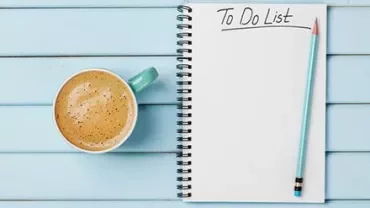 To-do list on a notepad with pencil and coffee on a blue table.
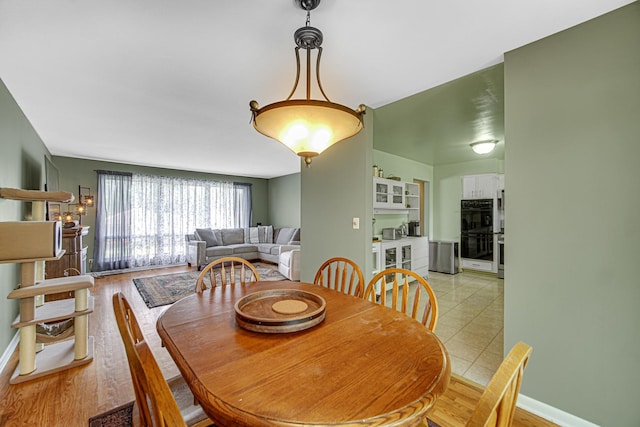 1306 Monroe St, Lake In The Hills, IL 60156 - dining room featuring wine cooler and light wood-type flooring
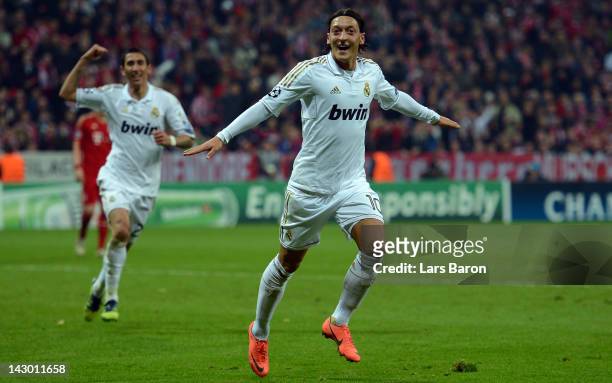 Mesut Oezil of Madrid celebrates after scoring his teams first goal during the UEFA Champoins League Semi Final first leg match between FC Bayern...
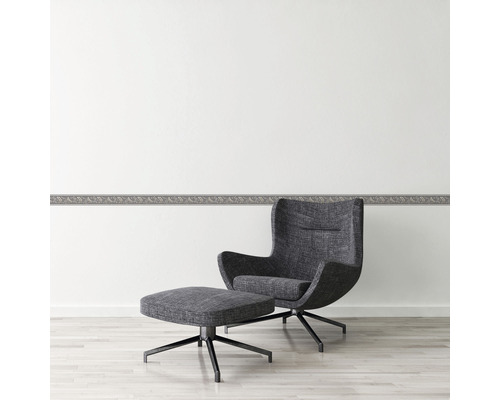 Wohnraum mit Zierbordüre und Sessel mit Fusshocker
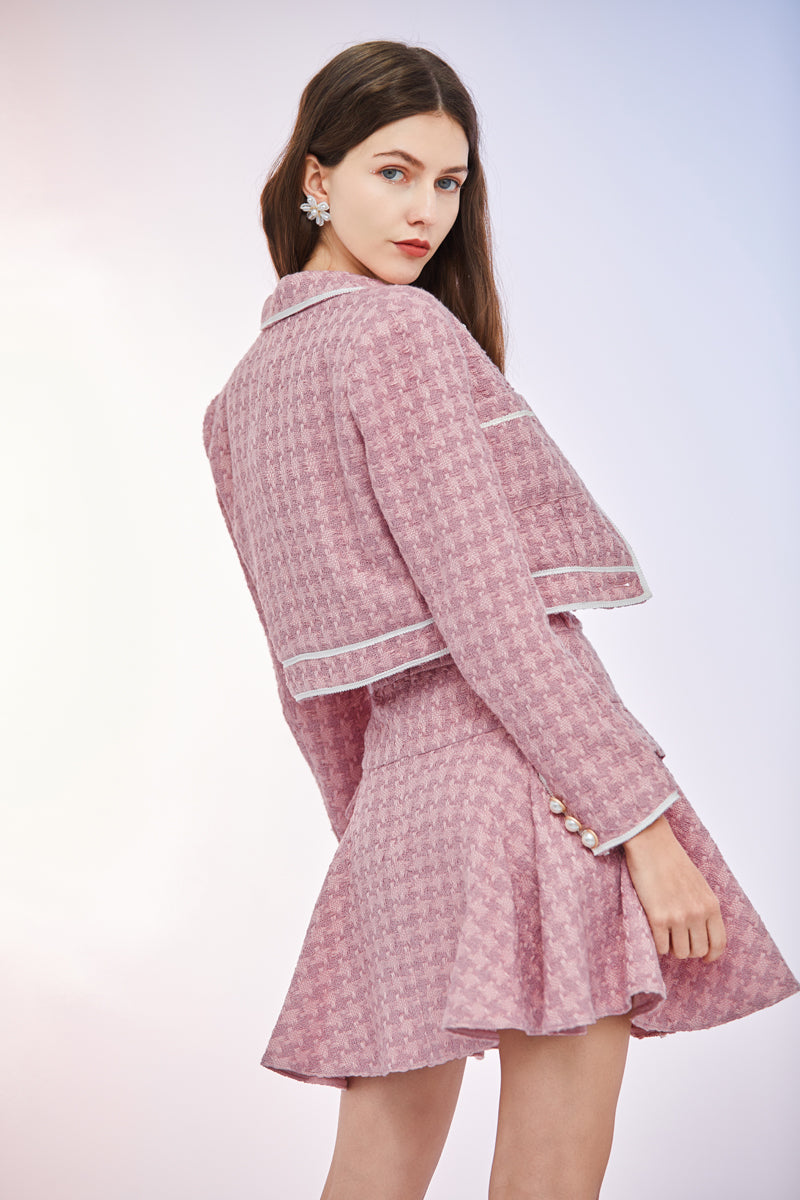 a woman in a pink dress holding a purse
§
Would you repeat exactly, and only, the lines from the start of the records above through the line containing "1306 Monroe St, Lake", with the pictures omitted?

 To-do list on a notepad with pencil and coffee on a blue table.
 1306 Monroe St, Lake In The Hills, IL 60156 - dining room featuring wine cooler and light wood-type flooring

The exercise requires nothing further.